My numbers are wild guesses, but I reckon there is some truth to it all. For inexperienced coders using off the shelf engines probably boosts efficiency. Maybe some engines under some circumstances on some hardware multithreading is more possible. I can’t help[ fantasizing about a PC that absolutely locked everything down in a big way when you launched a fullscreen game. Turned off everything that could possibly use some CPU or RAM and let the game run like an xbox. Maybe that is what steambox will become?

That’s more likely than many programmers learning how to optimize, that’s for sure :(


7 thoughts on Creeping inefficiency

  1. There’s also the fact that optimisation should (rightly) be one of the last things that is done on a software project. Given that most coders have a strong desire to see the back end of any project that has run longer than six months, it’s no surprise that optimising the code isn’t done, or if it is it’s just half-arsed.

  2. The biggest reason is that most AAA are console ports and don’t even marginally tax a a single core.

    The next biggest reason is that console games tend to be rushed/have strict deadlines that means the game is rarely optimized

    Lastly, console gamers are not discerning audience. The netcode in many ports is awful compared to games 15 years ago for christ sake.

    I would take any game from the mid to late 90’s and love to compare the network code against any modern AAA game. Bet we’d see how sloppy/badly engineered multiplayer is in console land.

  3. I’d add another big contributing factor to that list: ancient codebases containing cruft from several previous games, and written for older hardware generations. Nobody has time to write a new engine from scratch for each game, and if they did it would be out of date by the time it was finished.

  4. If we talk about CPU only…(no GPU)

    Final Computer Product Efficiency

    Level 1 – High End CPU sitting on a factory self. It has a real world theoretical peak performance -> n mips, n mflops -> 100% Should be able to run all modern games.

    Level 2 – Hardware Integration. What kind of hardware surrounds the CPU? Memory speed, bus speed…etc.

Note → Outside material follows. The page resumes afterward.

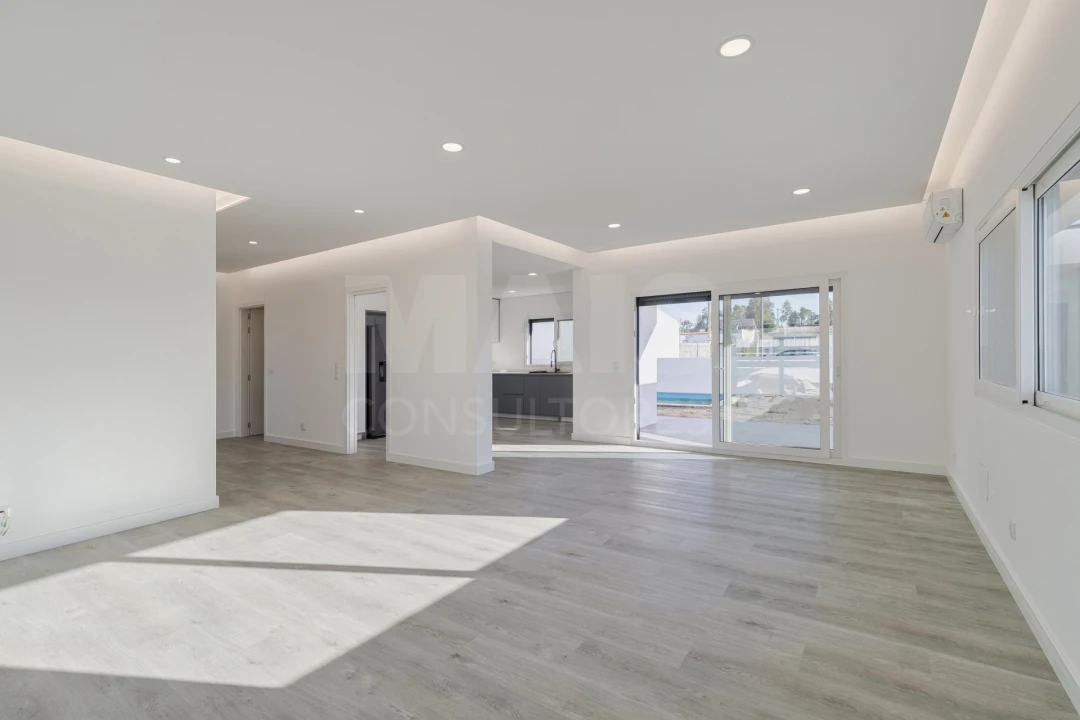 Moradia T3 para Venda em Palmela Foto 12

    Level 3 – OS – How efficient is the Operating System? How many background process is it running without user control? How fast are the peripherals communicating with each other? Latency.

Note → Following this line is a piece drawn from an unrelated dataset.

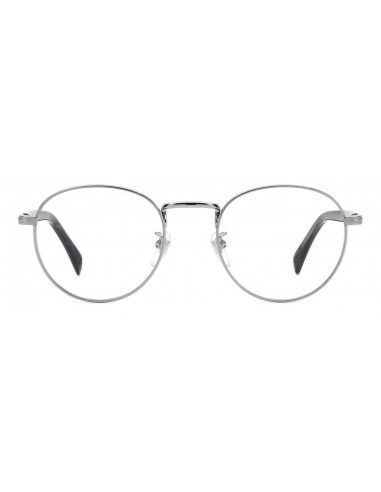 David Beckham DB1127 Eyeglasses de la marque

    Application Efficiency

    Level 1 – Code – Developer

    Today’s industry standard compilers are efficient. You won’t loose too much just based on compilers alone. Almost everybody working on a commercial product is using high quality compilers. They’re around 90%+ efficient.

    Inefficient code by the programmer. -> Theoretical performance loss is 1-100%

    Games that were originally developed and optimized for another platform with different architecture usually need a complete overhaul. Games ported from Console to PC comes to mind. Different CPU architecture, different compilers etc. Low quality port is inefficient code. -> Theoretical performance loss is 1-100%

    My wild guess is that on the PC market the average performance loss by inefficient code is between 20%-80%

    Level 1b – Special CPU Features – Developer

    What features are compatible or found in other processors that contributes to the maximum peak performance and you would use?

    As a developer you have to make your game as compatible as possible. Your minimum system requirement might include processors that are missing features of the high end processor. You cannot use those features, or you can make the use of those features optional. -> Less effective.

    If you don’t use any exotic features, your properly coded game will scale nicely speed wise with higher frequency, amount of cache etc.

    Level 2 – User

    In a multitasking environment what other necessary/unnecessary processes are running under user control? From Wi-Fi to full fledged applications every background process taxes your system. Theoretical performance loss is 1-100%

    Just my 2 cents…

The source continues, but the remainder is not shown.